BeAn virus-induced apoptosis of IFN-γ-activated M1-D cells.

While viral RNA replication (Fig. 1A), expression of capsid proteins (Fig. 1B), and production of infectious virus (22) were measurable in M1-D cells, there was no evidence of viral RNA replication after activation with IFN-γ as measured by [3H]uridine incorporation (Fig. 1A) or of viral protein expression as assayed by immunoprecipitation (Fig. 1B). Mean fluorescence intensities of BeAn virus antigen staining by flow cytometry in M1-D cells and activated M1-D cells were 145 and 18, respectively (Fig. 1C and D) (mean fluorescence intensities for uninfected control cells were 4.6 and 9.7). Although flow cytometry analysis indicated the presence of low levels of viral proteins in activated M1-D cells, this probably represents residual virus and not newly synthesized viral proteins. Plaque assays of lysates from unactivated and activated M1-D cells showed that 2 to 2.5 PFU were produced in each M1-D cell (four samples from two separately differentiated populations done in duplicate) and showed consistent titers of <0.1 PFU for each activated cell. Since activated M1-D cells produce 10-fold higher levels of IFN-α/β than do M1-D cells (22), the lack of BeAn replication and protein expression in activated M1-D cells was not surprising (Fig. 1A, B, and D). However, activated M1-D cells showed apoptotic changes after BeAn infection including cell rounding, surface blebbing, and condensed nuclei and loss of adherence (not shown). To confirm the mechanism of virus-induced cell death of activated M1-D cells, caspase activity and annexin V binding were assayed as early indicators of apoptosis (32, 42, 47).

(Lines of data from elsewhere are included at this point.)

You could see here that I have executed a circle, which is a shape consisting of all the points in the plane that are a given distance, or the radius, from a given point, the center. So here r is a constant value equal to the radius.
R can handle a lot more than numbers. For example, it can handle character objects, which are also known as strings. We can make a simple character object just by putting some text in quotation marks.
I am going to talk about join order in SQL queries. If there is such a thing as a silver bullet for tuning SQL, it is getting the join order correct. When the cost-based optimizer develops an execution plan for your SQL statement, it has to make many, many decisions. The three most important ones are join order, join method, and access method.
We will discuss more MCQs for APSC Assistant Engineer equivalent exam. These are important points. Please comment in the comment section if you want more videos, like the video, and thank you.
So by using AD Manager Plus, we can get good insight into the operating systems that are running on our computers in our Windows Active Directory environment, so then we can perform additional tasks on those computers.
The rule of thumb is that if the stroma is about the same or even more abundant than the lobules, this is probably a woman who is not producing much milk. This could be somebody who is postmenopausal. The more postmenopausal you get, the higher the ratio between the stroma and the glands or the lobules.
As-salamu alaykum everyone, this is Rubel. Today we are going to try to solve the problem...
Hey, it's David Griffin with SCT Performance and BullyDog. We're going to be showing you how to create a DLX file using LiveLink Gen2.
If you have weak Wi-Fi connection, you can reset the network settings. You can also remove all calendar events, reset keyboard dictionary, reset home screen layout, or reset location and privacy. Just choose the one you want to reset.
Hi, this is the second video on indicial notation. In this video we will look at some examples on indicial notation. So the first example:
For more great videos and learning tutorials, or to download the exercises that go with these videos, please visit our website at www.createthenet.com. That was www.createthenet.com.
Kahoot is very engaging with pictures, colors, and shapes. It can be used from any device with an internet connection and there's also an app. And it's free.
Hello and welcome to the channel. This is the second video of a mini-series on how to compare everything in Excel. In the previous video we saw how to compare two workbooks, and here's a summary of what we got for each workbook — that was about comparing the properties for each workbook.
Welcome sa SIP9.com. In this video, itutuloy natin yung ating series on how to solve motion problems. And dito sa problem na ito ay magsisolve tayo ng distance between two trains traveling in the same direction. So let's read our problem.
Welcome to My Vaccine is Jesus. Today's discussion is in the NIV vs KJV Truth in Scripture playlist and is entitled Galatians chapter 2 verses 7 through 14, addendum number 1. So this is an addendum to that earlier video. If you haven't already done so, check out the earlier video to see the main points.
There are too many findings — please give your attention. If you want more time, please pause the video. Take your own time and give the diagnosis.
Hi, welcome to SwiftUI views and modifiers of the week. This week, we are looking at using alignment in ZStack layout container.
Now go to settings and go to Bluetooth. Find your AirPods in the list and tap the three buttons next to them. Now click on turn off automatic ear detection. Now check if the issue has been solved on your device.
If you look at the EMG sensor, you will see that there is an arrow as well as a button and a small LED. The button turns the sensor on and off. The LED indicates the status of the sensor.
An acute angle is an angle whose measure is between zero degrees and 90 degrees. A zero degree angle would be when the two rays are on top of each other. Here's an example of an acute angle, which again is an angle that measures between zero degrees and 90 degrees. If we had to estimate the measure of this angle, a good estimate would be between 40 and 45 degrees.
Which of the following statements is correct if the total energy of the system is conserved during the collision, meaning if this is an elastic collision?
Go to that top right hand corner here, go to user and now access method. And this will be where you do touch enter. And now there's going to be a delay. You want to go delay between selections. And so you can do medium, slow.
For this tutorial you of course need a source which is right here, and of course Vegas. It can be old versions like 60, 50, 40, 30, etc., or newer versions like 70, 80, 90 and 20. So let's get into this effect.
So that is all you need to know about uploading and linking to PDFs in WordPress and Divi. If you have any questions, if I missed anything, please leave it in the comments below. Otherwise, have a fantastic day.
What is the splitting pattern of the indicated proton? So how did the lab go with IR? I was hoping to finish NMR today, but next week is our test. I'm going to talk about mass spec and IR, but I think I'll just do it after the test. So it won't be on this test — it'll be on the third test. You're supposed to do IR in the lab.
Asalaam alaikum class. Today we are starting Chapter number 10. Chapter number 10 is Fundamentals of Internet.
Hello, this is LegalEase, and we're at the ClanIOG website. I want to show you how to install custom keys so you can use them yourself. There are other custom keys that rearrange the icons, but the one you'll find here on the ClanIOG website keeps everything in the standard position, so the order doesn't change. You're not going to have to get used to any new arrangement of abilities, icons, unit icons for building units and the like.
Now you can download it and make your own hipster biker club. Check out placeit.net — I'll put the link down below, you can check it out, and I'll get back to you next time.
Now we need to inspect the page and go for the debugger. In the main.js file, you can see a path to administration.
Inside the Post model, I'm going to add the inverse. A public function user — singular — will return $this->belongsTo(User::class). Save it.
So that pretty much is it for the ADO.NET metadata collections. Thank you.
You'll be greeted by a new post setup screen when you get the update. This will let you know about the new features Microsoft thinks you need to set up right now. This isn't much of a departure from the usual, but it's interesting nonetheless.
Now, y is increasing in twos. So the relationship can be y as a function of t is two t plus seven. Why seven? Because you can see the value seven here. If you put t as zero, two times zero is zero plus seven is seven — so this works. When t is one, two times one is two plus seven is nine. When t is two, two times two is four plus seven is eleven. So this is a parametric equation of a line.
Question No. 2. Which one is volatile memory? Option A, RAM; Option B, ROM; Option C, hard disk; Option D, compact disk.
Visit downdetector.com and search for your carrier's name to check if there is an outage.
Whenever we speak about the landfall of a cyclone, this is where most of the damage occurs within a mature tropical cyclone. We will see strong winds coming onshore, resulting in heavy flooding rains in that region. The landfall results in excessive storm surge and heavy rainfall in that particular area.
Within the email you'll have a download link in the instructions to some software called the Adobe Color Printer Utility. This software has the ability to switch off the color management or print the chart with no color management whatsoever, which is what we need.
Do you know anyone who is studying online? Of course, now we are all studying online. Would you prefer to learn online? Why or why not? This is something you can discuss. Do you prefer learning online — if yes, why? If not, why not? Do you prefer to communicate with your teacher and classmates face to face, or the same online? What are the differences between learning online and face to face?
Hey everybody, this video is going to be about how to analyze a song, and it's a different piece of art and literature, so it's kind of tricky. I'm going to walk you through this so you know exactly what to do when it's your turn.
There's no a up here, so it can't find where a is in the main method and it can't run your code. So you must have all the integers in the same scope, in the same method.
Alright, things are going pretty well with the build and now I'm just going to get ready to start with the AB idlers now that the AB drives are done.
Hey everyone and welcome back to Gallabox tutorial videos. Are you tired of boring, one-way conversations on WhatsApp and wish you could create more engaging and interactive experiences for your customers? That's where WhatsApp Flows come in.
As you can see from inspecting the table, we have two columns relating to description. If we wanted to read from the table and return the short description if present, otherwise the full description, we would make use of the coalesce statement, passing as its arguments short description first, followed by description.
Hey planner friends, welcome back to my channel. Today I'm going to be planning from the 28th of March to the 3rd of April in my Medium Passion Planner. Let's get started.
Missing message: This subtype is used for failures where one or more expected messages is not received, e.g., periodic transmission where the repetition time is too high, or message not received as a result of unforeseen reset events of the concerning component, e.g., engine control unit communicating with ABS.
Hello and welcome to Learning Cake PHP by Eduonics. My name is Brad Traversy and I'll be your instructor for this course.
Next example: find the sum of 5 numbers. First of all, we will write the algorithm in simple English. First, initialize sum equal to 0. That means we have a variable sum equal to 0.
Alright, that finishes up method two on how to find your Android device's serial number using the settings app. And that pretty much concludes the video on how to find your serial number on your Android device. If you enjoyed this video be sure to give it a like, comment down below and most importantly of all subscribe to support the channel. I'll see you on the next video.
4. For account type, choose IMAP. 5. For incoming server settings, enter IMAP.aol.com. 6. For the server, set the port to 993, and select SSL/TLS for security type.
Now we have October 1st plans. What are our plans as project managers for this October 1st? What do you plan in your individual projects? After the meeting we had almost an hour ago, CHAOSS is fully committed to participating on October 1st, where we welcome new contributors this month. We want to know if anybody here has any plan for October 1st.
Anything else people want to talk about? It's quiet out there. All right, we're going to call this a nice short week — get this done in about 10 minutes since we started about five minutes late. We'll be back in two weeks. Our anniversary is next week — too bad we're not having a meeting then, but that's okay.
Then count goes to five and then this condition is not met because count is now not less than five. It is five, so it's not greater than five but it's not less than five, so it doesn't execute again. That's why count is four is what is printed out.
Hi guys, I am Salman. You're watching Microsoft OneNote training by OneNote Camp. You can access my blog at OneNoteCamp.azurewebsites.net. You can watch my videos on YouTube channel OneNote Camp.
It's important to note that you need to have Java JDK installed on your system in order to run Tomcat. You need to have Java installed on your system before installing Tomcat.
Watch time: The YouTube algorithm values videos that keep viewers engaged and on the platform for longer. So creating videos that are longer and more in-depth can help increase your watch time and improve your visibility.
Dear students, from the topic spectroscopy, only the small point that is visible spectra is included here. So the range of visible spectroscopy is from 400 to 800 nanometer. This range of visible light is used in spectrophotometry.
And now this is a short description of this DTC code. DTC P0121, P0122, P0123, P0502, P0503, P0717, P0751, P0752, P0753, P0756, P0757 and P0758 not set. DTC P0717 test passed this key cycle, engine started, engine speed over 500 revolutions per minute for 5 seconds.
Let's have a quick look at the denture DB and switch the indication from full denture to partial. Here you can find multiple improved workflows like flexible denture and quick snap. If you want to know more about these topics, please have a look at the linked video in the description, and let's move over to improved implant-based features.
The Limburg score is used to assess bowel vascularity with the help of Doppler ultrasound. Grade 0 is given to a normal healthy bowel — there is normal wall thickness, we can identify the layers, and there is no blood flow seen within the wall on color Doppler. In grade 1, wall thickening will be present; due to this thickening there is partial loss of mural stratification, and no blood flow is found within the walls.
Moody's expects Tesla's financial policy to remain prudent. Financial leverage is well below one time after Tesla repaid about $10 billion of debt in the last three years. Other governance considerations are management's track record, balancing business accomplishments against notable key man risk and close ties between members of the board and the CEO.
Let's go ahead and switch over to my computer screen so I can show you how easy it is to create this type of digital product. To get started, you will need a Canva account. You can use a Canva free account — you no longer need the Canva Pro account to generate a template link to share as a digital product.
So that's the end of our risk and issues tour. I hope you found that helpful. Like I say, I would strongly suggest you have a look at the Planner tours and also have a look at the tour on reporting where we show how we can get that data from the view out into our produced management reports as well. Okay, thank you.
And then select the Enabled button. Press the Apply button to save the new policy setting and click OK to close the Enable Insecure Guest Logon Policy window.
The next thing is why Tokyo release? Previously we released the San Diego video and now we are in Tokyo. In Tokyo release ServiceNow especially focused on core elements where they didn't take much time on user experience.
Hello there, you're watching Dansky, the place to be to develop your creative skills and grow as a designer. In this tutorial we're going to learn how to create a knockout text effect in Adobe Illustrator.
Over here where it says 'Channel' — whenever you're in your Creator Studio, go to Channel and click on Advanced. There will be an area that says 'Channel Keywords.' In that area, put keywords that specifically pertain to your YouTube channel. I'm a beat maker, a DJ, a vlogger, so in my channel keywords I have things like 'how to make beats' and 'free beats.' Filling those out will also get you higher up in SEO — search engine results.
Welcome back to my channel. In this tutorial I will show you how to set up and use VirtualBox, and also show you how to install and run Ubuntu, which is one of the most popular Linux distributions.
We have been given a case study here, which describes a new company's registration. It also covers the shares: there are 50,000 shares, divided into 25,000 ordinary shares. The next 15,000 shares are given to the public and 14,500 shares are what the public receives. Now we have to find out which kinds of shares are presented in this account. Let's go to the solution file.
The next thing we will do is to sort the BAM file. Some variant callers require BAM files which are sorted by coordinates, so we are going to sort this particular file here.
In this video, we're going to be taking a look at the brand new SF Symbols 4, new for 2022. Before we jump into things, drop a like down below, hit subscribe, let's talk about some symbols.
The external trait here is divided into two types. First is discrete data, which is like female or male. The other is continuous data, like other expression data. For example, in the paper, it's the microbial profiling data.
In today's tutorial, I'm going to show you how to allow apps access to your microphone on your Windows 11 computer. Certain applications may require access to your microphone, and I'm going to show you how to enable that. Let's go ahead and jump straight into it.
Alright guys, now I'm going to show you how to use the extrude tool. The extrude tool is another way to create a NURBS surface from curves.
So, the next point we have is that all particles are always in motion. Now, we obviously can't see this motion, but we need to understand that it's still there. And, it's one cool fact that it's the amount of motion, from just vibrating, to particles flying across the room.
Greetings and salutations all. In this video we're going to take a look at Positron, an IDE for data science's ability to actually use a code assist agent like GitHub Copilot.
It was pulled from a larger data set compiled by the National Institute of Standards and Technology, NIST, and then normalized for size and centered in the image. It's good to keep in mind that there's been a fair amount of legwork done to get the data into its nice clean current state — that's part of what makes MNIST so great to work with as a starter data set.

Caspase activity increased fivefold in both unactivated and activated infected M1-D cells by 8 h p.i. compared to uninfected controls (Fig. 2A). The kinetics of caspase induction were similar in the two cell populations beginning ≈4 h p.i., peaking at 8 and 10 h and declining to undetectable levels by 24 h (data not shown). The kinetics of annexin V binding paralleled that of caspase activity, beginning 4 to 6 h p.i. (Fig. 2B). Together these results indicate that both unactivated and activated M1-D cells died by apoptosis after BeAn virus infection (summarized in Table 1).

FIG. 1.

FIG. 1

Characteristics of BeAn virus infection in M1-D and IFN-γ-activated M1-D cells. (A) BeAn RNA replication in unactivated (■) or IFN-γ-activated (□) M1-D cells. Cells were incubated in 100 μl of medium containing 1 μCi of [3H]uridine and 0.5 μg of actinomycin D and harvested at 2-h intervals. Data are presented as means ± standard deviations of 6 samples. (B) Immunoprecipitation of BeAn virus capsid proteins from lysates of [35S]methionine-labeled BeAn-infected unactivated and IFN-γ-activated M1-D cells. One million cell equivalents were lysed in lysis buffer (see Materials and Methods), precleared with normal rabbit serum, and immunoprecipitated with rabbit polyclonal anti-BeAn antiserum. Immunoprecipitated proteins were resolved on a 12% polyacrylamide gel; virus proteins are indicated. The experiment was repeated twice with similar results. (C and D) Representative flow cytometry histograms of permeabilized uninfected (solid line) and infected (dashed line) unactivated (C) and IFN-γ-activated (D) M1-D cells 6 h p.i. stained for BeAn virus antigen.

FIG. 2.

FIG. 2

Evidence for apoptosis in unactivated and IFN-γ-activated M1-D cells. (A) Kinetics of caspase activity in BeAn-infected unactivated (■) and IFN-γ-activated (●) M1-D cells and uninfected control cells (▵). Lysates from 106 cells were analyzed for the ability to cleave the DEVD-aminomethylcoumarin substrate. Data are means of duplicate samples with microtiter plate background values subtracted and are representative of two kinetic experiments. Caspase activity was measured in three other preparations of M1-D cells at 8.5 h p.i. with similar results. (B) Kinetics of annexin V binding to BeAn-infected, unactivated (■) and activated (●) M1-D cells. Background values for uninfected cells were 8.2% ± 2.1% and 17.0% ± 6.5%, respectively. Values are representative of two kinetic experiments. (C) MTT assay of cell viability with increasing multiplicities of infection of BeAn virus in unactivated (■) and activated (●) M1-D cells. The results shown are representative of four independent experiments. Quadruplicate samples were averaged, and the results are expressed as percentages of uninfected controls. The standard deviation for the OD readings was less than 0.1 for all samples.

TABLE 1.

Summary of BeAn virus infection in unactivated and IFN-γ-activated M1-D cells

Cells Differentiation state Infectiona Apoptosisb
M1-D Mφ-like, unactivated Restricted Yes
IFN-γ M1-D Mφ-like, activated None Yes
a

Infection as determined by viral RNA replication, virus antigen expression, and infectious virus titer. 

b

Apoptosis measured by morphology, annexin-V binding, and caspase 3 activity. 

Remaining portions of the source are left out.